Comment vous sentez-vous depuis que vous êtes sous Keppra?
Beaucoup mieux, avec la Dépakine, j’avais entre 1 et 5 crises par mois. Avec le Keppra je suis stabilisée, je ne fais plus de crises depuis 3 mois.
Comment arriviez-vous à avoir de la Dépakine, sans protocole?
Ma pharmacie me connaissait alors on me délivrait le médicament sans que je ne présente aucun document.
Comment ont réagi les médecins de l’hôpital?
C’était la panique totale. J’ai eu examen sur examen, je me rendais tous les 15 jours à la Timone, le grand hôpital de Marseille pour faire des échographies, prises de sang, examens cardiaques. On m’a fait toutes sortes d’examens que je n’avais jamais eu pour les deux premiers.

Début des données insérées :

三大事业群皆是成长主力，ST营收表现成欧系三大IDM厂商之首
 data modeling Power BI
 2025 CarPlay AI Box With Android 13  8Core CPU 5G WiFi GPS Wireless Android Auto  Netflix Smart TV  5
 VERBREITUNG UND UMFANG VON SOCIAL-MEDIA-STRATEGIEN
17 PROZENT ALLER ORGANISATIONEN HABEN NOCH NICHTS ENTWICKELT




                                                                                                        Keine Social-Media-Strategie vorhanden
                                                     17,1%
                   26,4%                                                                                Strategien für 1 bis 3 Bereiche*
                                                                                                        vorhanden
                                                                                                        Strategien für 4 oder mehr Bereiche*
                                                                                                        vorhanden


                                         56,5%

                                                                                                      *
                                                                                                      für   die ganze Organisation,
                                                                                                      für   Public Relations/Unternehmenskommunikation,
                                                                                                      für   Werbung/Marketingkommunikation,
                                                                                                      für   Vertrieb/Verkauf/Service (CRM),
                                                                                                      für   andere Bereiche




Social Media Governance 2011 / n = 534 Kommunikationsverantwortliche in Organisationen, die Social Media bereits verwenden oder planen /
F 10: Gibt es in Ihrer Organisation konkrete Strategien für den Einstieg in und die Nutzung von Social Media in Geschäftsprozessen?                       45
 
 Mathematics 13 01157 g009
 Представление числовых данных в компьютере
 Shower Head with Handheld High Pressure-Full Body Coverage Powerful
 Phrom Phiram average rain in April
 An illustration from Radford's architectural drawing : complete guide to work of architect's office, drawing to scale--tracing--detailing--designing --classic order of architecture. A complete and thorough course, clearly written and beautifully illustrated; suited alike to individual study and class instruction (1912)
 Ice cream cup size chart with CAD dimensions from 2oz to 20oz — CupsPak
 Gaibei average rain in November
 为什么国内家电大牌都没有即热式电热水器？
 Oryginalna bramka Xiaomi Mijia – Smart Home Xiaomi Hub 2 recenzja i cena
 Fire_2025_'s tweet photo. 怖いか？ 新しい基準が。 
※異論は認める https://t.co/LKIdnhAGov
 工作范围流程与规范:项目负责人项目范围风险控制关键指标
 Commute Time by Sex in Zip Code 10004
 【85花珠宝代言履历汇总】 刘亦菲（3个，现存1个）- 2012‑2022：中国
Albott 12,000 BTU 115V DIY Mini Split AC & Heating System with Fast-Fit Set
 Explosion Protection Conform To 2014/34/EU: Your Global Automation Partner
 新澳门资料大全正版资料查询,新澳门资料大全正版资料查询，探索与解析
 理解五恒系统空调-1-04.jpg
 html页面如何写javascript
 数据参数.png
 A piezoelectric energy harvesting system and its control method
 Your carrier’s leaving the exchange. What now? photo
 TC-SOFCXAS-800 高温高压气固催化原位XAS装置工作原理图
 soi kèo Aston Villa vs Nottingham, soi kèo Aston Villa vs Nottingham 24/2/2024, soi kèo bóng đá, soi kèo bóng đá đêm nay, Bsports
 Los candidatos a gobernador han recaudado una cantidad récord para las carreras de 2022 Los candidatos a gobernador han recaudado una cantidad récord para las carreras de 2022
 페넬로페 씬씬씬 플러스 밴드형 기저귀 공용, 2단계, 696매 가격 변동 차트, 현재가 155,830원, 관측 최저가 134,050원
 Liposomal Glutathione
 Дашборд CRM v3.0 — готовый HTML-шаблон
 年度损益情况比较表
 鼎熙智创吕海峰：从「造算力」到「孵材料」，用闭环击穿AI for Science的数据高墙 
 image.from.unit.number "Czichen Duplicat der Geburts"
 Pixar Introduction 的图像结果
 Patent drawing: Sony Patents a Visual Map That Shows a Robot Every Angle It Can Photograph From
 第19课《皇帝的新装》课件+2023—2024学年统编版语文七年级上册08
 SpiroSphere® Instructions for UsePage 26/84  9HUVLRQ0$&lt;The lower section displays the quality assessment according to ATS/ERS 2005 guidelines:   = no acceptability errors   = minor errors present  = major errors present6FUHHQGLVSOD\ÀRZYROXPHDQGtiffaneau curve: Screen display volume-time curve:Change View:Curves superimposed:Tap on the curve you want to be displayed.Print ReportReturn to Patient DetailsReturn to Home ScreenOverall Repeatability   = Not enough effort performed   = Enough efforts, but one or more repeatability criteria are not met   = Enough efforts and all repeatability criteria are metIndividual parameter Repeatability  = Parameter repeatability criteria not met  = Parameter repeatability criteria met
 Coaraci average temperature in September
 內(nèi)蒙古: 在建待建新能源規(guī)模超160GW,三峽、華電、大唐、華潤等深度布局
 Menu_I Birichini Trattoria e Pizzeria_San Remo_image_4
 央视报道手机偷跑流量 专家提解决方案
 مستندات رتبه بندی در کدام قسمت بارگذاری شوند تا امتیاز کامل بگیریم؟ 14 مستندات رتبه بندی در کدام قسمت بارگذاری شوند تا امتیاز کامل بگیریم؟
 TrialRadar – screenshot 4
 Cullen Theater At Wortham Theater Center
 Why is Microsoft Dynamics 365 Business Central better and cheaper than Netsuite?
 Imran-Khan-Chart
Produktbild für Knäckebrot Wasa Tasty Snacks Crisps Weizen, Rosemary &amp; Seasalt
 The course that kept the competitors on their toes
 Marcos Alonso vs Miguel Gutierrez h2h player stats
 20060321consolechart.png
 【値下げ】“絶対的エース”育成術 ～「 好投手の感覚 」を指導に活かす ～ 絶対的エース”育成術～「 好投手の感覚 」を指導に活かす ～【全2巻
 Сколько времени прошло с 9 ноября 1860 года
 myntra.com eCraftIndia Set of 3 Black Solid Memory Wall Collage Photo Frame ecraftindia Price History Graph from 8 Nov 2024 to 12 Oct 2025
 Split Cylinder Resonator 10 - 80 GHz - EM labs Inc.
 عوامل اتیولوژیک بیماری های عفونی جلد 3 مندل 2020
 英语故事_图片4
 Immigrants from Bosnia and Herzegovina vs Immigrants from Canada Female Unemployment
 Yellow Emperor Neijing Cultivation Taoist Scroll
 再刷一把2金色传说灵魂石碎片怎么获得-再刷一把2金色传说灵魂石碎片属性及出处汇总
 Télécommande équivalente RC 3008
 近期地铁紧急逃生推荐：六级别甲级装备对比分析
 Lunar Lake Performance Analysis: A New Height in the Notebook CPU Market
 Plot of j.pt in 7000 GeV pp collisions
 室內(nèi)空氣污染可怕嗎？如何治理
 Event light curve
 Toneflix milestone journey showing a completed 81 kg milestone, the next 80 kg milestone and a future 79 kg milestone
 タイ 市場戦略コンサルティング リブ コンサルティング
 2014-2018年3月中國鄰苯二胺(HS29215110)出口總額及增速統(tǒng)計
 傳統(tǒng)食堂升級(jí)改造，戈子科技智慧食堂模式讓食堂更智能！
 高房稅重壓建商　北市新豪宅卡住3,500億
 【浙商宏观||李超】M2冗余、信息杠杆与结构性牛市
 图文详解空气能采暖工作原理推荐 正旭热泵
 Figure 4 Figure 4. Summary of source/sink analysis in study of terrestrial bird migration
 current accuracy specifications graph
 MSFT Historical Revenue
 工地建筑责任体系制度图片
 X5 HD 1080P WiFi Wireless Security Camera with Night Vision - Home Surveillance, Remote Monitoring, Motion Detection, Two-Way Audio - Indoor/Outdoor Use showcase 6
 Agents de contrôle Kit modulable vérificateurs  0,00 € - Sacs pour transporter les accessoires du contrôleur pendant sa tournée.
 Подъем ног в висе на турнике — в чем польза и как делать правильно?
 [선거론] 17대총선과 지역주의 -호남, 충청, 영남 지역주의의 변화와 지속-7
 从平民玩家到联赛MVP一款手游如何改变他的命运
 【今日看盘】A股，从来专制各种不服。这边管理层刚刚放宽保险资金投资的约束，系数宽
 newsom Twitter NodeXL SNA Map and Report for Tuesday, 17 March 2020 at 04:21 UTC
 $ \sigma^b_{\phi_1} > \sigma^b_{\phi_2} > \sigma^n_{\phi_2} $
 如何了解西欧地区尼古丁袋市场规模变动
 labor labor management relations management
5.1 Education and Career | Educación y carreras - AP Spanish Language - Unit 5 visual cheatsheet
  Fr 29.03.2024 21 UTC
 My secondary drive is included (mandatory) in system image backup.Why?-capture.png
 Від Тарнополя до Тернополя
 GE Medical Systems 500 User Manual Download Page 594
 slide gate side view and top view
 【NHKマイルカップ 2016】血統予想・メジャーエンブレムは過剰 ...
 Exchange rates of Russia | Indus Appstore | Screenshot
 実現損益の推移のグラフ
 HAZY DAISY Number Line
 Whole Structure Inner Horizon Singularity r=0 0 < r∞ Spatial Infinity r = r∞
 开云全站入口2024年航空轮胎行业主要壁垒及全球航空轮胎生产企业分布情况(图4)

Comment s’est terminée votre grossesse ?
Louna est née il y a 15 jours, c’est une enfant calme. La sage femme et la puéricultrice me stressent car trop prévenantes, sans cesse sur le bébé. Je dois retourner en consultation en neuropédiatrie à la Timone dans deux mois pour le suivi de ma fille.
Sans le travail et le combat de Marine Martin, je n’aurais pas eu cet important suivi dont j’ai bénéficié pendant ma dernière grossesse et dont bénéficiera Louna pendant les premières années de sa vie.